_Exercise inputs:_
..........
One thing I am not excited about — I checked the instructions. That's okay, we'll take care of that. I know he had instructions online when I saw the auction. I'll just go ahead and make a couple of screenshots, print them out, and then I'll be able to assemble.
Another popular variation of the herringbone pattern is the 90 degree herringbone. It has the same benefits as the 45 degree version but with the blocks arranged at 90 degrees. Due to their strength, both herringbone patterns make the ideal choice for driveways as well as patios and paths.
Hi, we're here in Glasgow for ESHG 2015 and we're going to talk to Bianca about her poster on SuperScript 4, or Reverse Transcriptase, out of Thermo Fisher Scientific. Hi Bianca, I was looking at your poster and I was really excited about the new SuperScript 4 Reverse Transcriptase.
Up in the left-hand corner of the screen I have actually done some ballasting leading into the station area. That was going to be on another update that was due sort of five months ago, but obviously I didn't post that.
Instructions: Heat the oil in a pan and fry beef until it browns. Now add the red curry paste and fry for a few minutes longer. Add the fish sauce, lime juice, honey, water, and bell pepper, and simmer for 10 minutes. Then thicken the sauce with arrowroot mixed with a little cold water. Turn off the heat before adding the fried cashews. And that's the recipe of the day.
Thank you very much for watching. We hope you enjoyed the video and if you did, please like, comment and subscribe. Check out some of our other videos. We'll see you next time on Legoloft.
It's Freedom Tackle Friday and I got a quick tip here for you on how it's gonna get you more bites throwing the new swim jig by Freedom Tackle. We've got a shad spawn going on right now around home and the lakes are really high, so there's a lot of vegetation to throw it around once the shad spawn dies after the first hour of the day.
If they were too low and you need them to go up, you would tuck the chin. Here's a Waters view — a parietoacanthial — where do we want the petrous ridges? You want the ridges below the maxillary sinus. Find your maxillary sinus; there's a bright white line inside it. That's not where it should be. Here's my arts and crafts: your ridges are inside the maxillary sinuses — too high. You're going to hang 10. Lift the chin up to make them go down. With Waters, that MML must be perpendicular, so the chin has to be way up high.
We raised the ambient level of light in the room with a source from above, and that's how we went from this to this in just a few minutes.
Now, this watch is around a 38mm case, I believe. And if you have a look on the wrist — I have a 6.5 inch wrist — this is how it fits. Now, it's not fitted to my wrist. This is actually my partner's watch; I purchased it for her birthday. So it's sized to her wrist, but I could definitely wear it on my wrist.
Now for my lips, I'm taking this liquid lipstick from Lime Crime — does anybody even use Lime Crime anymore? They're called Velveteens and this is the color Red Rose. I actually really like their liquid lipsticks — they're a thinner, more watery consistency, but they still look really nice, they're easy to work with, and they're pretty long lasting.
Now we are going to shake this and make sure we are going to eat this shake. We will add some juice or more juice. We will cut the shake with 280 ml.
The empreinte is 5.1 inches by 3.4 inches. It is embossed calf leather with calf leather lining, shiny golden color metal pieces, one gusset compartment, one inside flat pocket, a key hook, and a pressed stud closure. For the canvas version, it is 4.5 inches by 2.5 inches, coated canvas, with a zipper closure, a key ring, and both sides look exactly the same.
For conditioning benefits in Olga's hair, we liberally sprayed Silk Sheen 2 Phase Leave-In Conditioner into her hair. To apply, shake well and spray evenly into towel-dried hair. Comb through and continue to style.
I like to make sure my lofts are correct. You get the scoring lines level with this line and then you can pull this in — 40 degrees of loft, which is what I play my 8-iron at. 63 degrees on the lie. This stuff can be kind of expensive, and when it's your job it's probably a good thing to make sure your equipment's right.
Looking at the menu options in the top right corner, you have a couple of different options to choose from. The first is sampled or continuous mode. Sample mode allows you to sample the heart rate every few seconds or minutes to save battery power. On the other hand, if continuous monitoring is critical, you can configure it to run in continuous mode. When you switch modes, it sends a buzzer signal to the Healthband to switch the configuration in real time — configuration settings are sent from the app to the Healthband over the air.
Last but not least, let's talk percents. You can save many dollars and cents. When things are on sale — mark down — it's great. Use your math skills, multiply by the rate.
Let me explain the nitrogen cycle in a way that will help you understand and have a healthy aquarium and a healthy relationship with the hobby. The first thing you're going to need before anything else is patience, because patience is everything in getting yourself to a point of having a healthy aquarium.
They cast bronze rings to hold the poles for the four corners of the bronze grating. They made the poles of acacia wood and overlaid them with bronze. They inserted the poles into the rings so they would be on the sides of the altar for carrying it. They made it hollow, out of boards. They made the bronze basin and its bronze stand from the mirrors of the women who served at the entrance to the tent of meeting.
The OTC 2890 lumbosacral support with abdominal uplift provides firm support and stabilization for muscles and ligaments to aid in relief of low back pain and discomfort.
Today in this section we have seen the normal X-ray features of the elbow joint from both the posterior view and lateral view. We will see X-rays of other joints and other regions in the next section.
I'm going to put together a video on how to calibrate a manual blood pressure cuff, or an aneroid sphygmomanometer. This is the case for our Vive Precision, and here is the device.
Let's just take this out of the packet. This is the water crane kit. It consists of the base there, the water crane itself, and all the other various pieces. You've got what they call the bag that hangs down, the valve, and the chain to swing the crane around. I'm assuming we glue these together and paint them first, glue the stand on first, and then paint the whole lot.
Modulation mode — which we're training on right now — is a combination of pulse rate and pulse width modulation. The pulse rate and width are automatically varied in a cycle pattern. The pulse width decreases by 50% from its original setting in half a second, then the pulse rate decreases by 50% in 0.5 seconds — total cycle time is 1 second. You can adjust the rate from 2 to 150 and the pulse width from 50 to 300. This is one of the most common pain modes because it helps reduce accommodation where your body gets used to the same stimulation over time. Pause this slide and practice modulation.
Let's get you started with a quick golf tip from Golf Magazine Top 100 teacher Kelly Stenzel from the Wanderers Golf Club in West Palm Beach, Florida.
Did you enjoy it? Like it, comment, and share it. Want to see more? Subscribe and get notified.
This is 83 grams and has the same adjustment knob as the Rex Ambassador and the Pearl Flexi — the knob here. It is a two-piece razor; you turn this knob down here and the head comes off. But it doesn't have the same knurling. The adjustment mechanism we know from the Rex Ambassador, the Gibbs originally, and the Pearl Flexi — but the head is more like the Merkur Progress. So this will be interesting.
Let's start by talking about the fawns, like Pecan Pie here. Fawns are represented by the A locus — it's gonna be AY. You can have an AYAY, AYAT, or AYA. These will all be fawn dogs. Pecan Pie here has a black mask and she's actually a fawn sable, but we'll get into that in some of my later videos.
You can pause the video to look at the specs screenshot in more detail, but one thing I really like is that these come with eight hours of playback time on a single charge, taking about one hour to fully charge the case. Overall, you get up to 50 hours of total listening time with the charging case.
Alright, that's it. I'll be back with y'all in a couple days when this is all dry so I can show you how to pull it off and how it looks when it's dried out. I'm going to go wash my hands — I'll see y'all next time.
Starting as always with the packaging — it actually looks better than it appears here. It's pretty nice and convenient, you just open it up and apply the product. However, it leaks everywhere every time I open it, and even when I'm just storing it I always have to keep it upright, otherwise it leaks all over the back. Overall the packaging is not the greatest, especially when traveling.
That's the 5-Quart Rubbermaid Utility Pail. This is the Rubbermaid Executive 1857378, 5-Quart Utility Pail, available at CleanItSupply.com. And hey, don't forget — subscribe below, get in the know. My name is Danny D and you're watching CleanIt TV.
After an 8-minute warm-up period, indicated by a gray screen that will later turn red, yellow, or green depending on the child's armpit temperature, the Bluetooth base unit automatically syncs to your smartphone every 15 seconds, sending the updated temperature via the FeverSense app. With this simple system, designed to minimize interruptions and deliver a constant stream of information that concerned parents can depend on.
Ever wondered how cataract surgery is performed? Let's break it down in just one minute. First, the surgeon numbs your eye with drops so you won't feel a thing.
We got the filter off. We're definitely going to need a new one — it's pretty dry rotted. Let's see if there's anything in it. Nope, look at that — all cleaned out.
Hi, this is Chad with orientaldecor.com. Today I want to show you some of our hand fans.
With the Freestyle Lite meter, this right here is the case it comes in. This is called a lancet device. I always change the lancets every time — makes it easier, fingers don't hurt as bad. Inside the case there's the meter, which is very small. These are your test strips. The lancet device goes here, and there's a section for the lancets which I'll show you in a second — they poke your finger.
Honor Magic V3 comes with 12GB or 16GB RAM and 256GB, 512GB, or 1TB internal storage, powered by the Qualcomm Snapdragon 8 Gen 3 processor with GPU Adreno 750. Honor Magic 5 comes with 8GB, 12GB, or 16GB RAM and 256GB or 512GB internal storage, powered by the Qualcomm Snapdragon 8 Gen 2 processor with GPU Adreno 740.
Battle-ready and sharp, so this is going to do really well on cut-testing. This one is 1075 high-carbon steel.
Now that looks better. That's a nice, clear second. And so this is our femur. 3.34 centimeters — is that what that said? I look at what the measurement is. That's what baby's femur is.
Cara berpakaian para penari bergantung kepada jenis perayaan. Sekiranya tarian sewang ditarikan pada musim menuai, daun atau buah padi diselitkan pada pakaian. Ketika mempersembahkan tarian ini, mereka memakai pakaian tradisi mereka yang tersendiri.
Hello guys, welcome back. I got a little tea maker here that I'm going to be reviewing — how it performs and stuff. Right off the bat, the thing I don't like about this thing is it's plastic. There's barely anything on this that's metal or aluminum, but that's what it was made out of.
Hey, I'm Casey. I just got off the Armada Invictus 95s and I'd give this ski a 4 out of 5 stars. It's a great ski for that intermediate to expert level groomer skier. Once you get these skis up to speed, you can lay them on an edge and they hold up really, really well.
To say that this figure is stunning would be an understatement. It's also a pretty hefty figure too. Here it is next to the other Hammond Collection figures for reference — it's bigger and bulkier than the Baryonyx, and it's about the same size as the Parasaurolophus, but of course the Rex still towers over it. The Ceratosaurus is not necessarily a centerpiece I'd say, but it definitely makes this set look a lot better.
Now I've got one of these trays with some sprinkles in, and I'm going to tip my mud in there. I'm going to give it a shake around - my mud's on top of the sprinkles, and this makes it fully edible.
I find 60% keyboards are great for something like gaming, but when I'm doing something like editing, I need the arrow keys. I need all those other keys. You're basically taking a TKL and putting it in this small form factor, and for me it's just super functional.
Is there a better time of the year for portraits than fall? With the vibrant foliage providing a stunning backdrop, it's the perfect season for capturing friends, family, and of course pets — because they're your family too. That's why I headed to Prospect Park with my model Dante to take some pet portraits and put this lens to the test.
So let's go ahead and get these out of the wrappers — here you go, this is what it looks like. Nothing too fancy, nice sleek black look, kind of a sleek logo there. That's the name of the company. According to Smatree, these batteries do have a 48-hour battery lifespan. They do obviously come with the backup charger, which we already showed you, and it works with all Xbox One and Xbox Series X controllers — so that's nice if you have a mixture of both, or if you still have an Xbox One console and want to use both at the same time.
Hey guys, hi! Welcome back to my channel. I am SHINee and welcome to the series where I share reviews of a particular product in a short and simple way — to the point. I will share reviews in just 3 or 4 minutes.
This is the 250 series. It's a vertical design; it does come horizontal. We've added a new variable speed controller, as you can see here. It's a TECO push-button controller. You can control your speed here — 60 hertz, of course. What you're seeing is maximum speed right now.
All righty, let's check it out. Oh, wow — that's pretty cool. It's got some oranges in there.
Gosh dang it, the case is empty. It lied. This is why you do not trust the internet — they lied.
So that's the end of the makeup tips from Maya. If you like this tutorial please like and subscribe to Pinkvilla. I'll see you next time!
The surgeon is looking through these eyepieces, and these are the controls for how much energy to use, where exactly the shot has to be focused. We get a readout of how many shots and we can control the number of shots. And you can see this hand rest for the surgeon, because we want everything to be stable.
..........
_What is being asked:_
The answer must be every line of the entries that includes the word "gonna".

_Answer box:_
It's Freedom Tackle Friday and I got a quick tip here for you on how it's gonna get you more bites throwing the new swim jig by Freedom Tackle. We've got a shad spawn going on right now around home and the lakes are really high, so there's a lot of vegetation to throw it around once the shad spawn dies after the first hour of the day.
Let's start by talking about the fawns, like Pecan Pie here. Fawns are represented by the A locus — it's gonna be AY. You can have an AYAY, AYAT, or AYA. These will all be fawn dogs. Pecan Pie here has a black mask and she's actually a fawn sable, but we'll get into that in some of my later videos.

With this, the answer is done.